Tactical

Last Harrier mechanics finish training as Corps shifts to F-35

The final class of Marine Corps Harrier mechanics has graduated from training, and later this year the last two Harrier pilots should complete their training, marking the “end of an era” as the service transitions to the F-35 Lightning II.

The bookend of the AV-8B Harrier II’s Marine service mirrors the replacement of the venerable F/A-18 Hornet, both of which will be replaced by the F-35.

The Harrier mechanics completed their training Monday, and those mechanics will continue to repair and maintain the F-402 engine as the Harrier completes its service in 2027.

“Teaching this class is bittersweet, I am proud to pass on knowledge to the last generation of students,” said Gunnery Sgt.
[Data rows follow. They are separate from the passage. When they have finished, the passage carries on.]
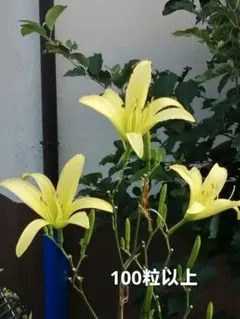 山野草ユウスゲの種　100粒以上のサムネイル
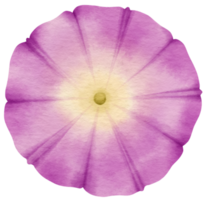 fiore viola dipinto ad acquerello per elemento decorativo png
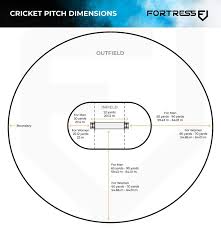 Image result for Pitch marking blog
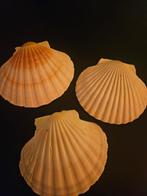Mooie natuurlijke schelpen - decoratie, Ophalen of Verzenden, Zo goed als nieuw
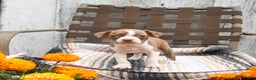 Boston Terrier dogs for sale: Poppy - Ad 5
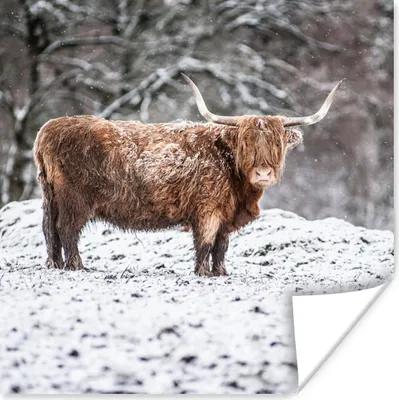Produktbild von MuchoWow® Poster Schottischer Highlander - Baum - Schnee 50x50 cm - Wohnzimmerdekoration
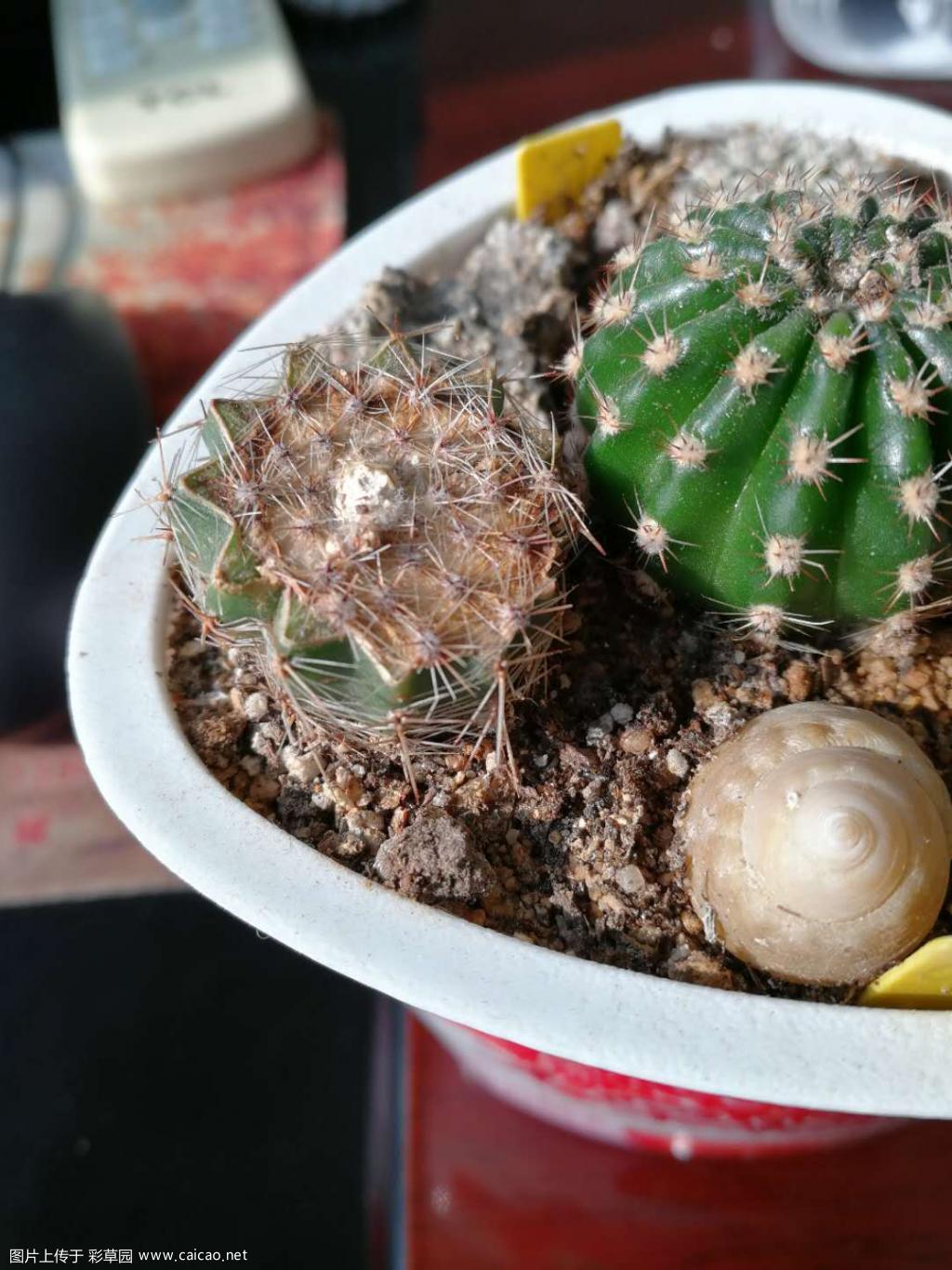 草球的横切面长刺座?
Ryan Fife, a fixed-wing mechanic and instructor at the Center for Naval Aviation Technical Training Unit at Marine Corps Air Station Cherry Point, North Carolina. “On the other side, this is the end of an era for the Marine Corps.”

The class of five Marine aviation mechanics will be assigned to Marine Aviation Logistics Squadron 14, 2nd Marine Aircraft Wing.

“It’s mind-boggling to me, knowing that I’m going to the fleet soon and there is nobody else taking this class after me,” said Pfc. Landyn Powers, one of the mechanic students.

The Harrier and Hornet transition to the F-35 is expected to conclude by the end of fiscal year 2030, Marine Corps Times previously reported.

According to the 2022 Marine Corps Aviation Plan, Harrier pilot training will end in 2024. Hornet pilots will continue to be trained until 2027 under Marine Fighter Attack Squadron 323.

The Corps deactivated Marine Attack Training Squadron 203, a Harrier training unit, in October 2021.

The Harrier has been in service with the Marine Corps since 1985. It is a single-engine subsonic, ground-attack aircraft capable of vertical landing and takeoff. It saw extensive use in the Persian Gulf War and later in Global War on Terror missions.

The F-35B, a short-takeoff-and-vertical landing aircraft, began replacing the Harrier in 2016. The Corps also flies the F-35C variant, which is a long-range jet.

In September 2023, the Corps shut down Marine Fighter Attack Training Squadron 101 at Marine Corps Air Station Miramar, California, Marine Corps Times previously reported.

In 2022, the Marines maintained four active operational Harrier squadrons with 14 aircraft each, according to the aviation plan. But East Coast squadrons transitioned to the F-35 in late mid-2022 while the West Coast squadrons are scheduled to maintain operations until fiscal year 2027.

The Hornet is an all-weather fighter and attack aircraft used primarily for strike operations and close air support. The Marine Corps uses the F/A-18 A-D variants. The aircraft entered Marine Corps service in 1983, replacing the F-4 Phantom, A-7 Corsair and A-6 Intruder.

The A and C variants are single-seat aircraft, while the B, and D variants are two seaters. It also was used extensively in the Persian Gulf War and subsequent post-9/11 operations.

In recent years, the Hornet has provided more than half of the Marine Corps’ tactical air capability.

It’s considered the Corps’ primary bridging platform as the service transitions to the F-35, according to the aviation plan.

As of 2022, there were six active Hornet squadrons and one reserve squadron. The majority of those were assigned to the Marine Aircraft Group-31 at Marine Corps Air Station Beaufort, South Carolina.

Other squadrons are assigned to MCAS Miramar and MAG-41 at Joint Reserve Base Fort Worth, Texas.

Five of the six active squadrons consist of seven F/A-18Cs and five F/A-18Ds.